For several years Sotirio’s focus was on selling silverware, both his own and antique, but as his success grew and he opened further stores, calling on friends and family from home to help him do so, his stock widened to include a range of jewellery, antiques and curios. By 1894 he had premises on the Via dei Condotti and a photograph from 1906 shows him standing proudly in front of his “Old Curiosity Shop”, the name taken from the Dickens novel in a shrewd attempt to attract the English and American tourists who flocked to Rome.
It was around this time that his two sons, Constantino and Giorgio, joined him in the business and Sotirio began to concentrate his attention on a single location, 10 Via dei Condotti, as he sought to focus on and expand his range of fine jewellery. Giorgio was travelling frequently to Paris, then the epicentre of jewellery design and production, seeing both the styles that were prevalent and the techniques used to realise them. These he brought back to Italy and the Bulgari jewellery and archives that survive from the 1920’s reveal this influence. In 1925 the firm employed a highly respected and skilled Master Goldsmith, Ubaldo Crescenzi, to run their own workshop; it was to prove a close and hugely fruitful collaboration that lasted 40 years.
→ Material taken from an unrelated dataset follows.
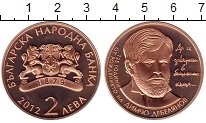 Продать Монеты Болгария 2 лева 2012 Медь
Sotirio died in 1932 leaving the business to his sons who proceeded to undertake a major store refurbishment resulting in a spectacular marble clad frontage with the name BVLGARI in block capitals above the door. This marked the change from the letter U to the Romanised V and was the first use of the company name as we recognise it today. The brothers settled into their different roles with Giorgio very much the driving force in both a creative and business sense whilst Constantino was more academic by nature and focused on building up the company’s renowned collection of snuff boxes, jade carvings and antique silver, the latter two forming remarkable displays in store.
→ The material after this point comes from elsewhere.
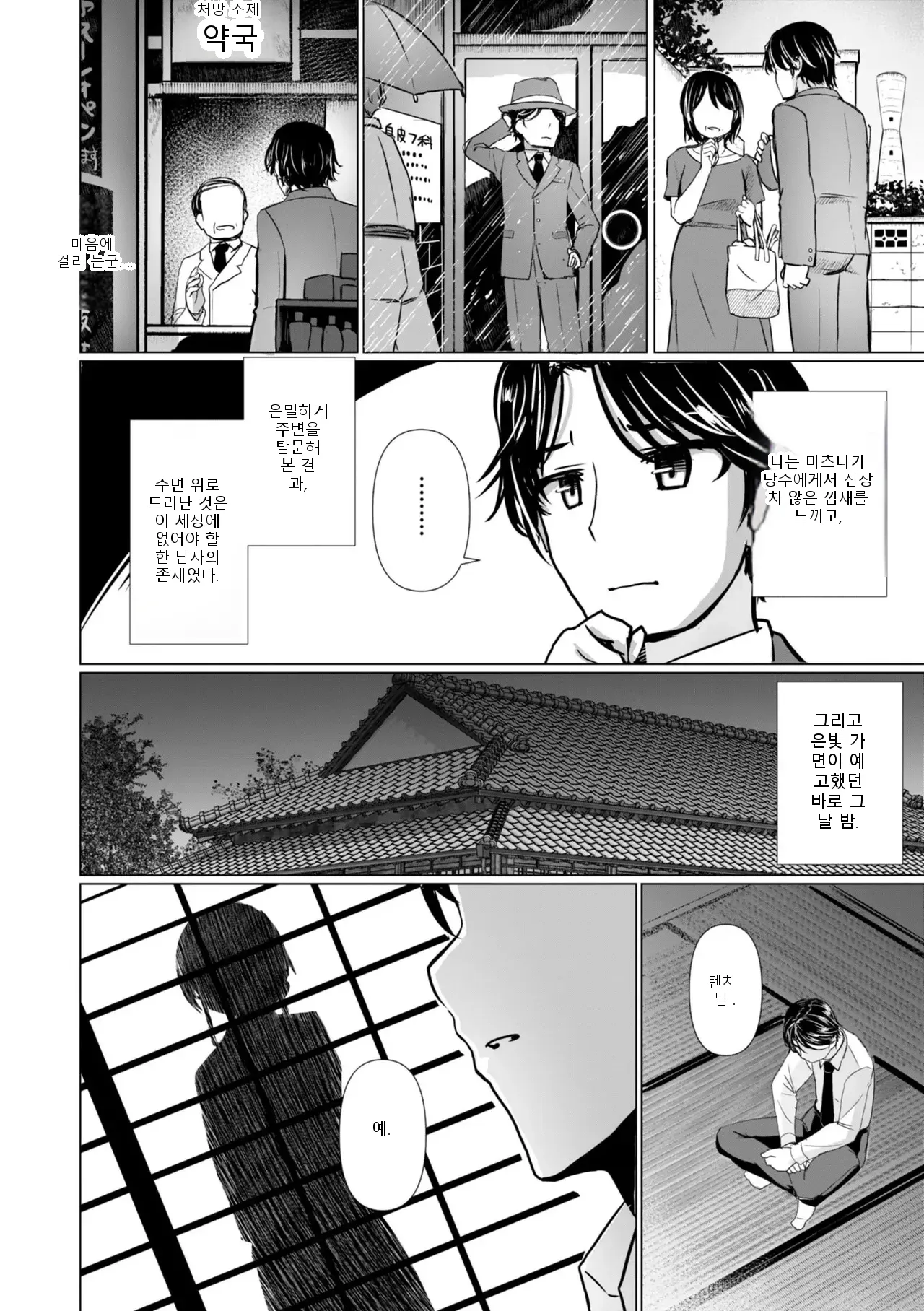 หน้า 54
The jewellery of the 1930’s was still largely informed by French design and diamonds and platinum dominated. The 1940’s and 50’s saw the introduction of yellow gold along with more colour in the form of rubies, emeralds and sapphires which would be paired with diamonds in compact and stylised designs. It isn’t until the 60’s and 70’s that we see the regular use of cabochon stones and a far wider selection of coloured gems such as tourmaline, amethyst and turquoise, often in combination, resulting in what we now think of as the ‘Bulgari style’. It is also the period that sees the introduction of a range of jewellery set with ancient coins, a style that would prove universally popular and become synonymous with the brand. With Giorgio’s death in 1966 and Constantino’s in 1973, management passed to Giorgio’s sons Gianni, Paolo and Nicola and two of Constantino’s daughters, Anna and Marina. The company entered a period of modernisation and oversees expansion opening stores in New York, Geneva and Paris. By now they had an enviable client list of the rich and famous and had cemented their reputation as the Italian jewellers par excellence on an International level.
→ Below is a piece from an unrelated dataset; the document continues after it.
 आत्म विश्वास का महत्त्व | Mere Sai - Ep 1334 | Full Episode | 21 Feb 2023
By the mid 1980’s the management of the firm had taken on the form it has today. Marina, Anna and Gianni had all left the business whilst Francesco Trapani, the son of Giorgio’s daughter Lia had joined after studying business administration in New York. He was made CEO at only 27, alongside his Uncles Paolo and Nicola who took the titles of President and Vice-President respectively. Together they have diversified the brand into accessories, perfume and even hotels, and in doing so have transformed Bulgari into one of the largest luxury brands in the world today.